(THE PROBLEM): A word-for-word copy of the lines below, starting at the line with "Oxford White 2023 Ford Escape ST-Line" and ending at the last one, is what you should give. Omit every picture.

+++

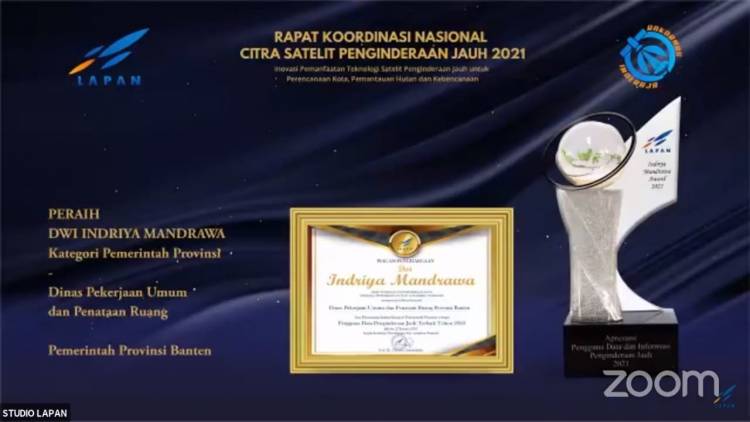 Penghargaan Indriya Mandrawa dari LAPAN untuk Dinas PUPR Provinsi Banten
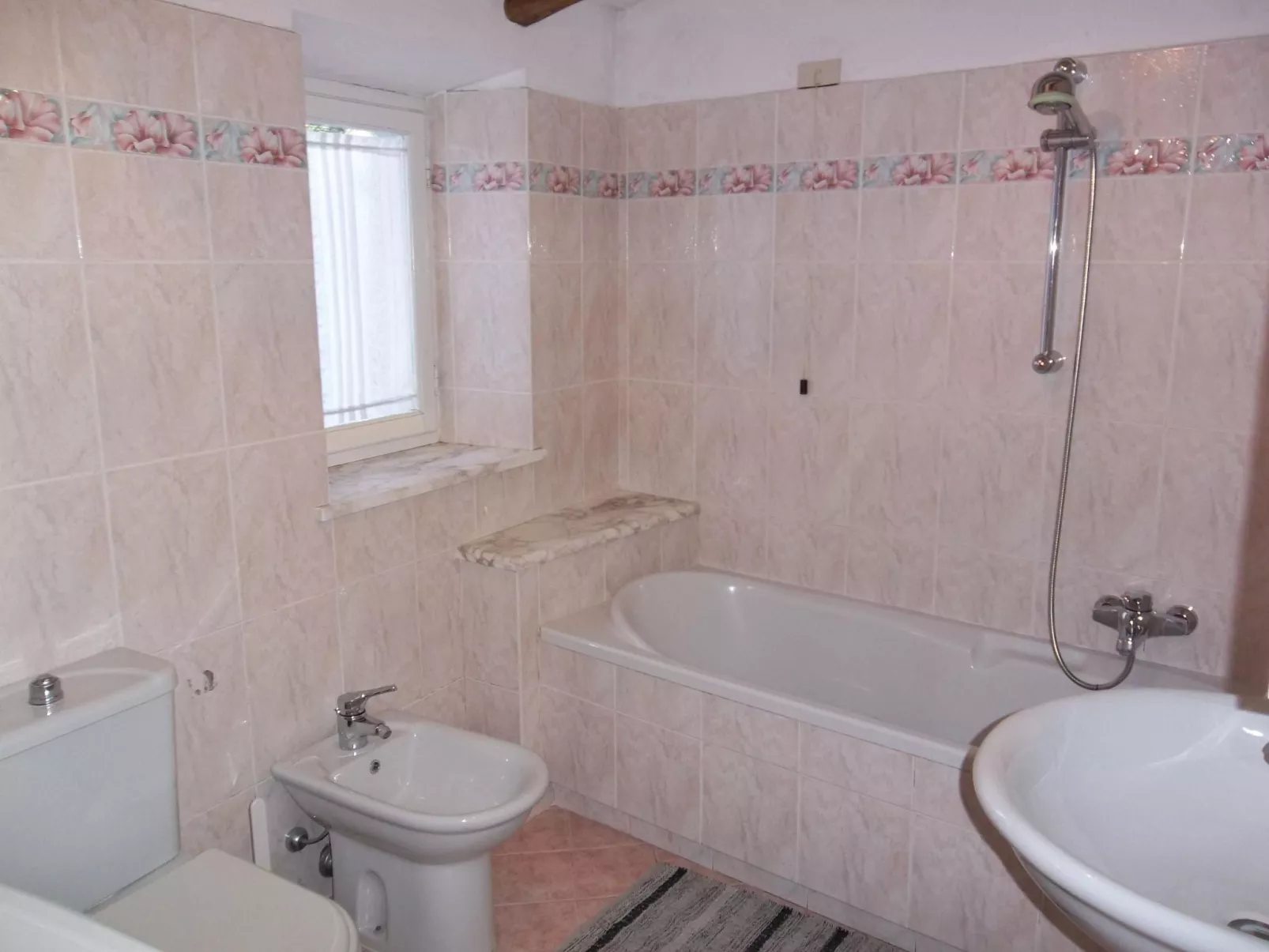 Haus mit Terrasse-Image-tags.info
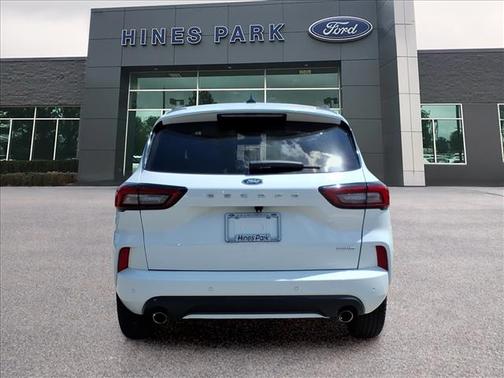 Oxford White 2023 Ford Escape ST-Line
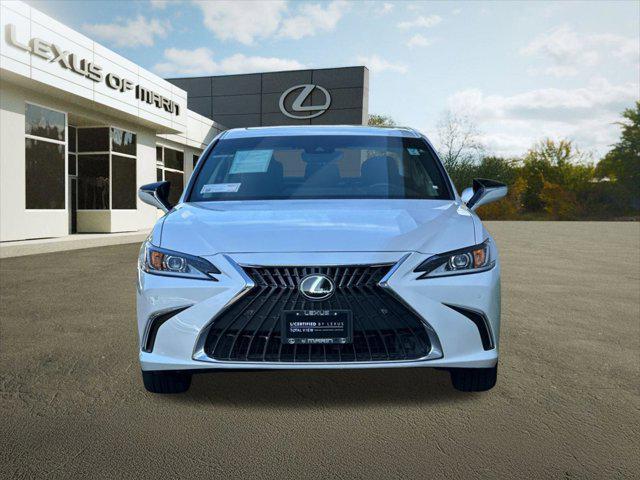 used 2025 Lexus ES 300h car, priced at $44,998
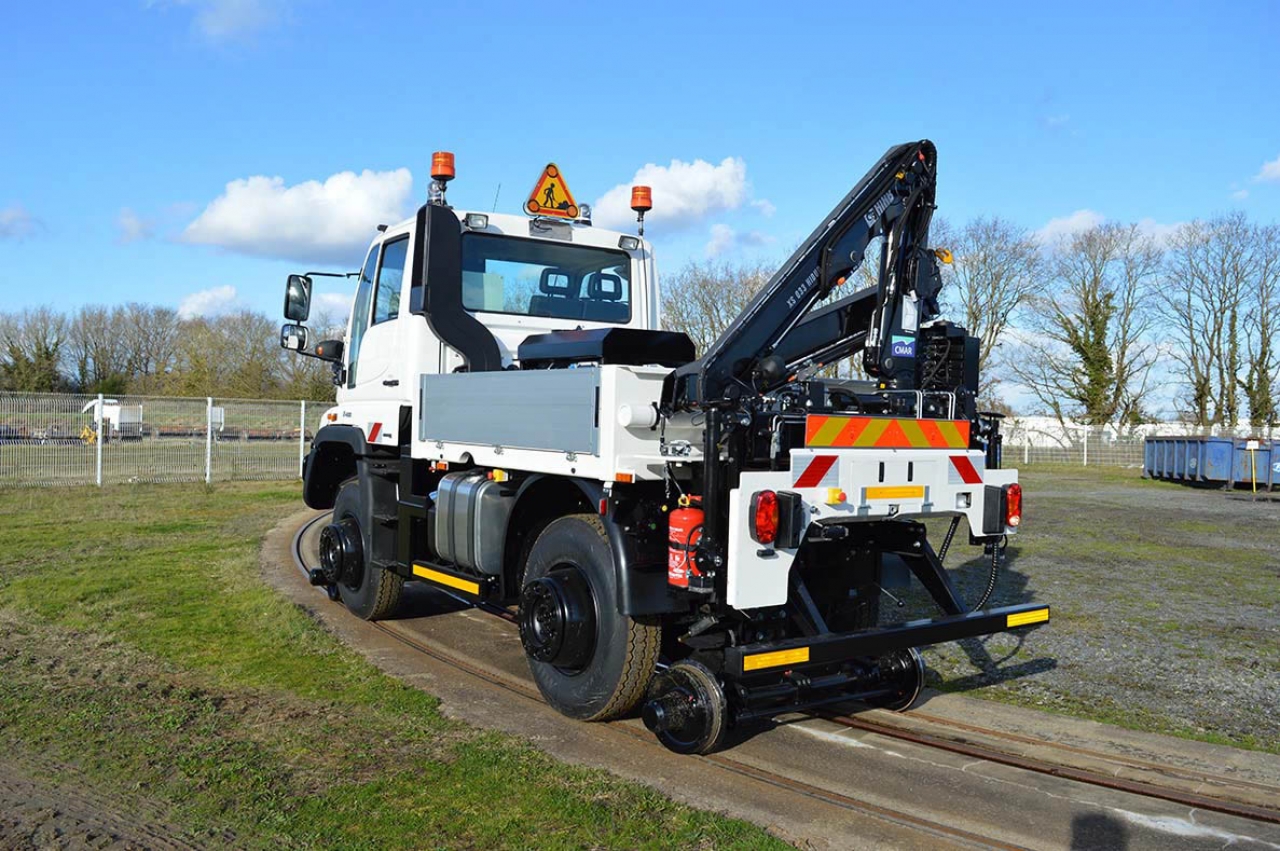 UNIMOG rail-route grue image 4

+++

(WRITTEN SOLUTION):
 Oxford White 2023 Ford Escape ST-Line
 used 2025 Lexus ES 300h car, priced at $44,998
 UNIMOG rail-route grue image 4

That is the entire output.